Four interrupt priority levels

# **Port C SCI Registers**

### **SCI Control Register**

| X: \$FFF0 | <b>Bits</b> | Function                   |
|-----------|-------------|----------------------------|
|           | 0–2         | Word select bits           |
|           | 3           | Shift direction            |
|           | 4           | Send break                 |
|           | 5           | Wakeup mode select         |
|           | 6           | Receiver wakeup enable     |
|           | 7           | Wired-OR mode select       |
|           | 8           | Receiver enable            |
|           | 9           | Transmitter enable         |
|           | 10          | Idle line interrupt enable |
|           | 11          | Receive interrupt enable   |
|           | 12          | Transmit interrupt enable  |
|           | 13          | Timer interrupt enable     |
|           | 15          | Clock polarity             |

# **Port C SCI Registers**

### SCI Status Register (Read only)

| X: \$FFF1 | <b>Bits</b> | Function              |
|-----------|-------------|-----------------------|
|           | 0           | Transmitter Empty     |
|           | 1           | Transmitter Reg Empty |
|           | 2           | Receive Data Full     |
|           | 3           | Idle Line             |
|           | 4           | Overrun Error         |
|           | 5           | Parity Error          |
|           | 6           | Framing Error         |
|           | 7           | Received bit 8        |

# **Port C SCI Registers**

### **SCI Clock Control Register**

| X: \$FFF2 | <b>Bits</b> | Function              |
|-----------|-------------|-----------------------|
|           | 11–0        | Clock Divider         |
|           | 12          | Clock Output Divider  |
|           | 13          | Clock Prescaler       |
|           | 14          | Receive Clock Source  |
|           | 15          | Transmit Clock Source |

### **Port C SSI**

Intended for synchronous, constant-rate protocols

Easy interface to serial ADCs and DACs

Many more operating modes than SCI

Six Pins (Rx, Tx, Clk, Rx Clk, Frame Sync, Tx Clk)

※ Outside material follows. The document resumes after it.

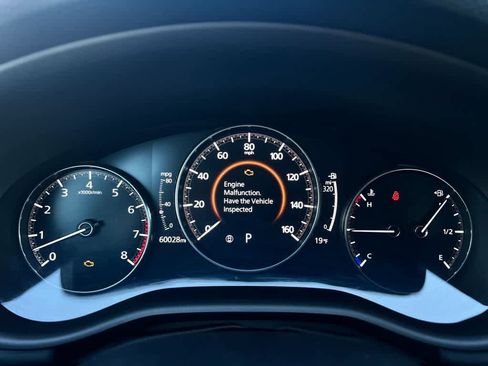 Used 2019 MAZDA MAZDA3 Sedan w/ Preferred Package image 29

8, 12, 16, or 24-bit words

# **Port C SSI Registers**

**SSI Control Register A** \$FFEC

Prescaler, frame rate, word length

**SSI Control Register B** \$FFED

Interrupt enables, various mode settings

**SSI Status/Time Slot Register** \$FFEE

Sync, empty, oerrun

SSI Receive/Transmit Data Register \$FFEF

8, 16, or 24 bits of read/write data.